Sobre las personas, la Inquisición actuaba siempre por delación, que era
estimulada por un pregonero público en presencia de los inquisidores cuando se
proclamaban los llamados edictos de fe, que conminaban en conciencia a
delatarse y delatar, lo cual favoreció el clima de terror y de suspicacia
asociado a la actividad inquisitorial. En el caso concreto de los libros, los
expedientes inquisitoriales podían ser iniciados por cualquiera, si bien solían
ser lectores escrupulosos, censores espontáneos, vigilantes de fronteras y navíos
o visitadores oficiales de librerías quienes hacían llegar sus delaciones hacia
la red de comisarios de distrito y familiares del Santo Oficio, funcionarios
locales inquisitoriales que eran los encargados, a su vez, de llevarlo a los
trece tribunales regionales que se fueron formando, a lo largo de los siglos XV
y XVI, en diversas ciudades españolas: Barcelona, Córdoba, Cuenca, Granada,
Logroño, Llerena, Murcia, Santiago, Sevilla, Toledo, Valencia, Valladolid y
Zaragoza. En última instancia, la información pasaba al tribunal general, más
conocido como la Suprema, instalado en la villa y corte madrileña.
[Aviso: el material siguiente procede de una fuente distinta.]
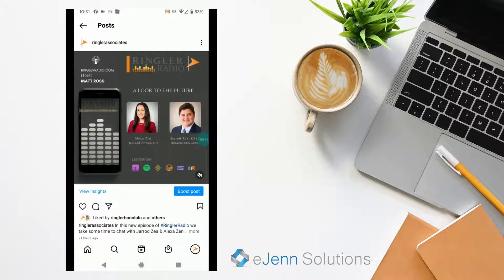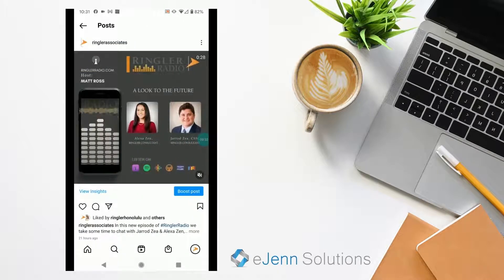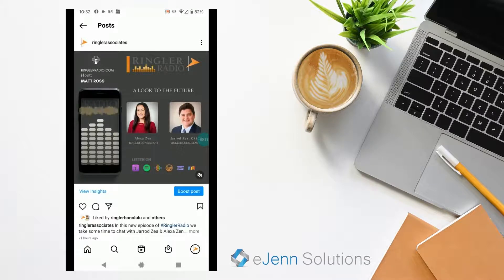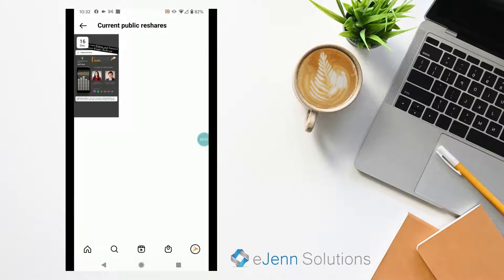I'm going to show you how you can easily see who has shared your post into their Instagram stories. So if you come to the post just like this, you're going to want to go into the actual post from the profile. Come up to the very top and see those three dots, select the three dots, and you get this wonderful menu of other options. We're going to focus on the fourth one down, which says 'View story reshares.' Simply select that and it's going to show you all the reshares of this post.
En líneas generales, los procedimientos de
censura fueron tres. El más común consistió en extractar del contexto una u
otra frase sin tener en cuenta el diverso género de la obra en que aparecía o
en su intención y aplicarle indistintamente notas de ofensiva a píos oídos,
errónea, escandalosa, herética… Otro de los procedimientos fue el llamado
expurgo: a fin de permitir libros declarados buenos en conjunto pero en los
cuales se habían detectado algunas frases o párrafos suprimibles, se dio con la
idea de expurgarlos tachando con gruesa tinta palabras o frases o arrancando
páginas estimadas inaceptables. Fácilmente se entiende que la mera posesión o
lectura de un libro expurgado incidía en la mala reputación de autor, lector y
vendedor. Por último, si el libro en cuestión era de erudición clásica o de
contenido científico, esto es, no tocaba de manera alguna el tema religioso, la
mera clasificación de su autor como auctor
damnatus (autor condenado), que había que estampar en la portada de los
escritos por protestantes y sospechosos de otras heterodoxias, bastaba para
alejar posibles lectores.
De esta forma, una obra podía aparecer en los
índices de libros prohibidos, como totalmente prohibida, si se consideraba que
no podía leerse en su totalidad; expurgada, cuando se ordenaba que fuera
sometida a expurgación, con el fin de autorizarla posteriormente; autorizada
con nota, para permitir su circulación y lectura expresamente cuando su autor
era considerado hereje, si bien la obra no contenía nada reprobable desde el
punto de vista doctrina; prohibida hasta su expurgo, para señalar que debía
considerarse prohibida hasta que se le señalara la correspondiente expurgación.»